Write out exactly the lines below from the one containing "Favini Druckpapier A4 1x200 Blätter" to the last, both ends kept, and nothing more; skip all pictures.
================================
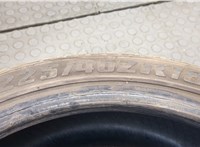  Комплект шин 225/40 R18 Opel Vectra B 1995-2002 20390795 #14
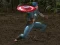 遊戲Captain America - Avenger's Shield在線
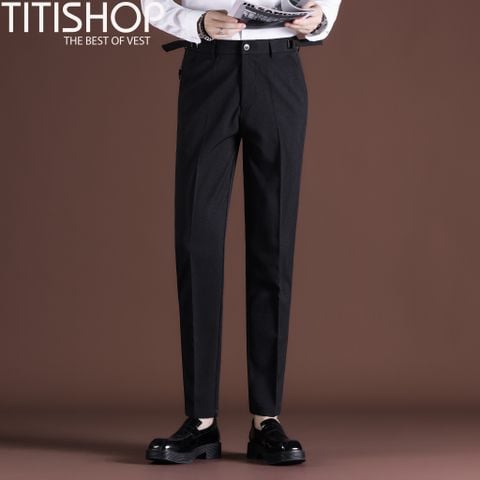 Quần Tây Nam AHH ( 28-36 )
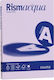 Favini Druckpapier A4 1x200 Blätter
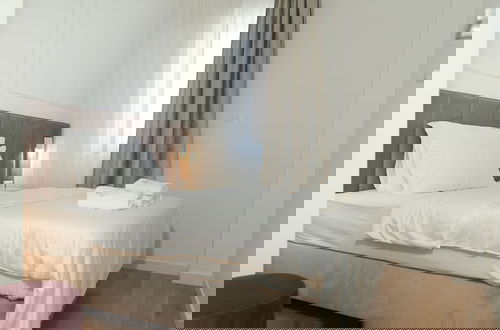 Photo 7 - Adria Concept Suites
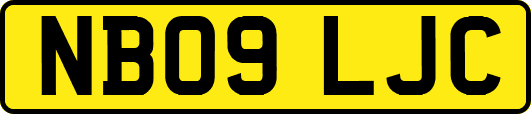NB09LJC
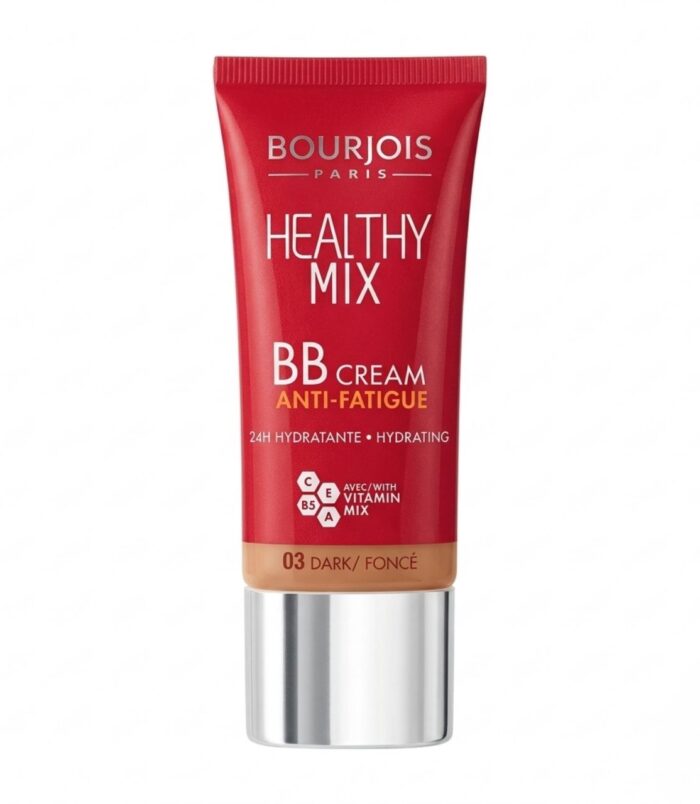 Untitled design_20260404_230611_0000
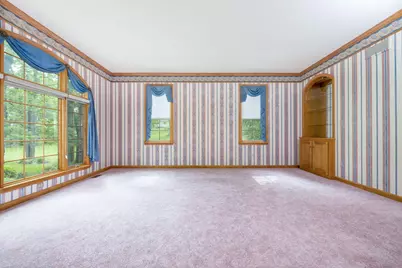 129 Tanglewood Drive, West Liberty, OH 43357 - Photo 34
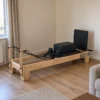 Pilates Reformer AS - Image 2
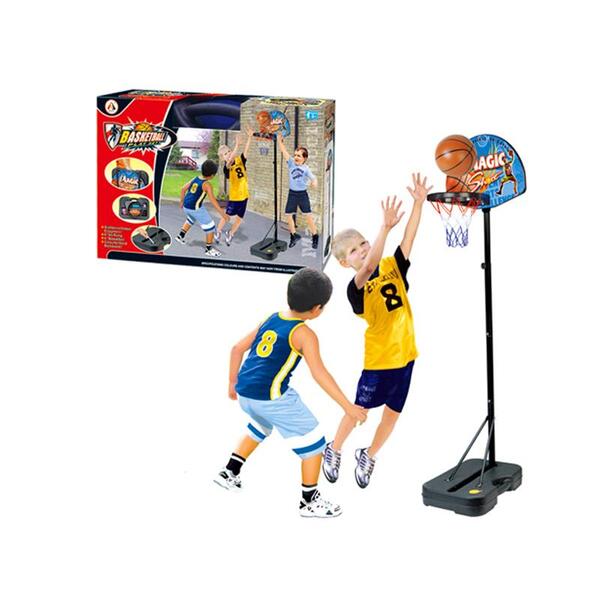 Set Basketaball Grande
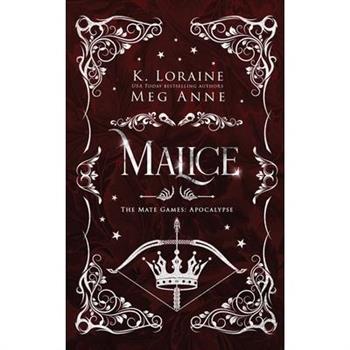 Malice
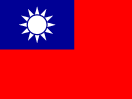 Taiwan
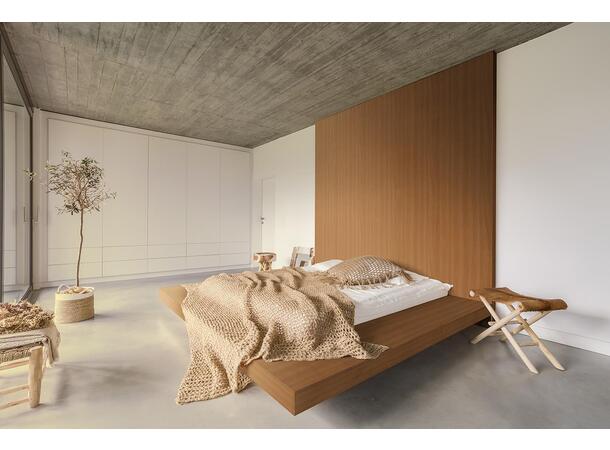 Cover Styl Wood B1  Honey Maple  1,22x1m 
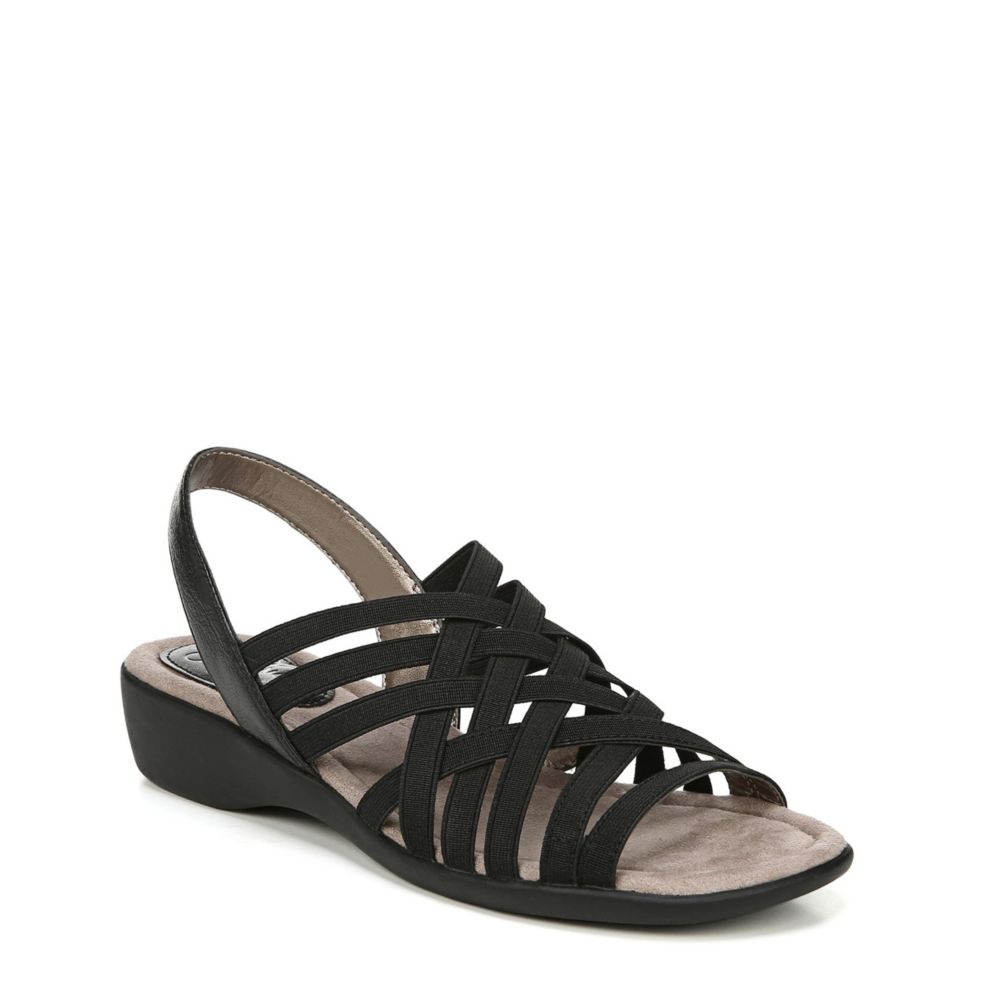 lifestride flex wedges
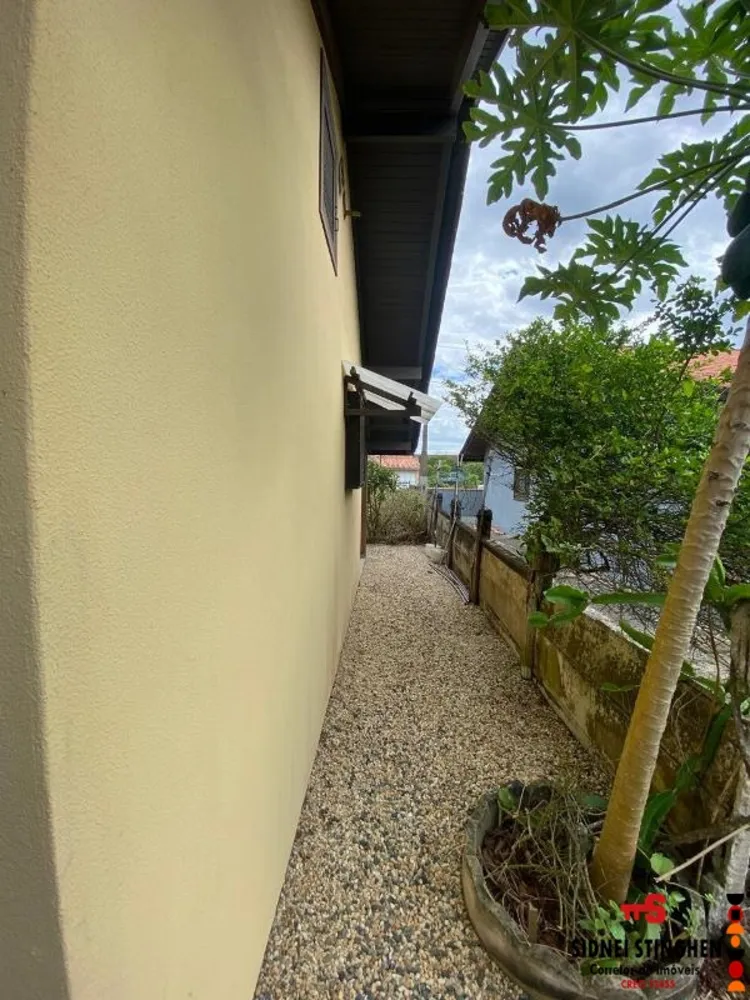 Casa, 3 quartos, 120 m² - Foto 8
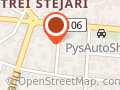 SERVICE EURO 68 SRL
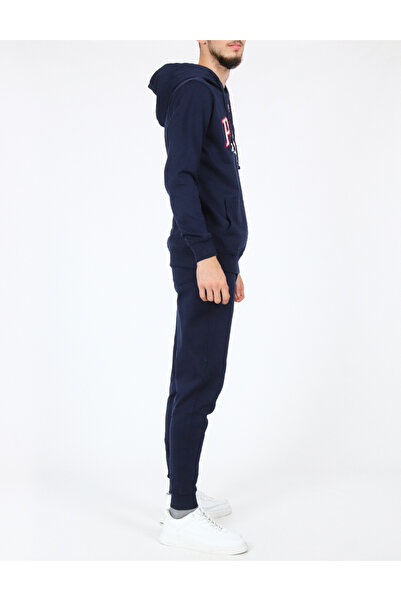 Polo Ralph Lauren Tracksuit, Dark Navy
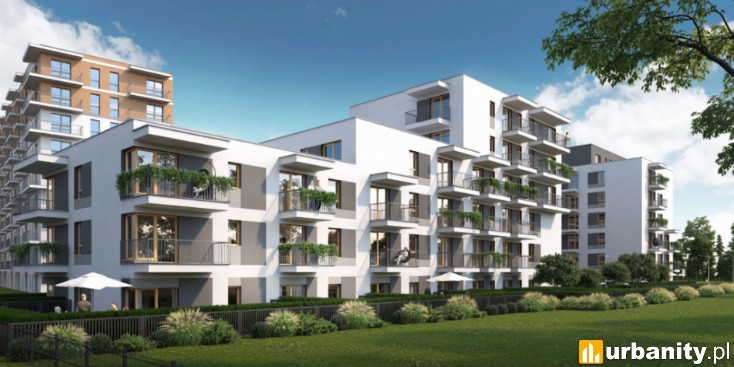 Miniaturka Borsucza 55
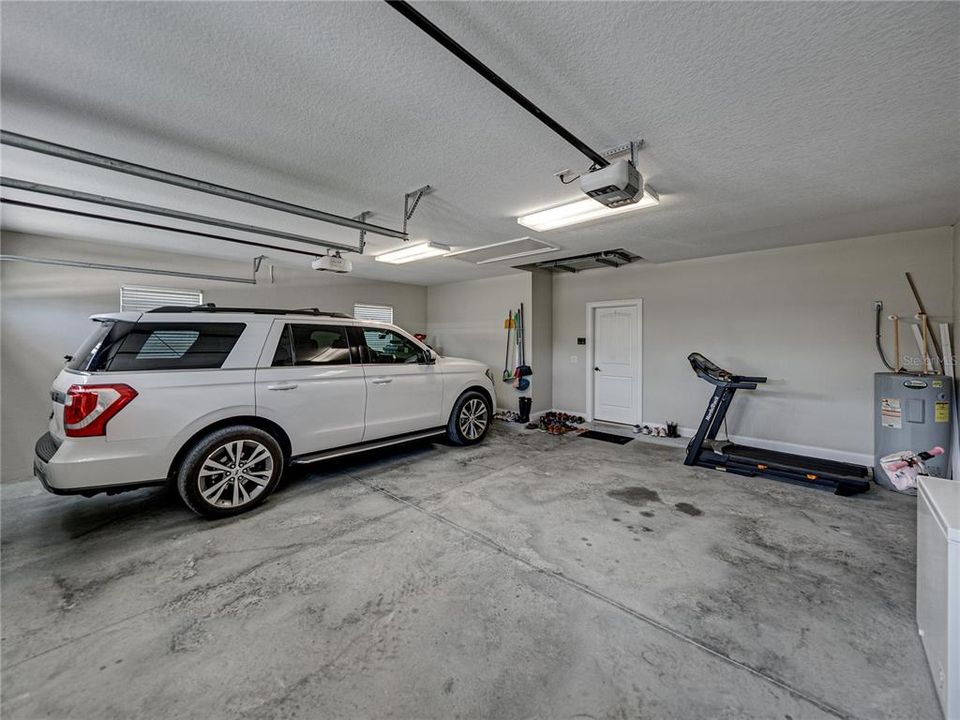 待售: $899,000 (3 贝兹, 3 浴室, 2433 平方英尺)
================================
**Task solution**.
 Favini Druckpapier A4 1x200 Blätter
 Photo 7 - Adria Concept Suites
NB09LJC
 Untitled design_20260404_230611_0000
 129 Tanglewood Drive, West Liberty, OH 43357 - Photo 34
 Pilates Reformer AS - Image 2
 Set Basketaball Grande
 Malice
 Taiwan
 Cover Styl Wood B1  Honey Maple  1,22x1m 
 lifestride flex wedges
 Casa, 3 quartos, 120 m² - Foto 8
 SERVICE EURO 68 SRL
 Polo Ralph Lauren Tracksuit, Dark Navy
 Miniaturka Borsucza 55
 待售: $899,000 (3 贝兹, 3 浴室, 2433 平方英尺)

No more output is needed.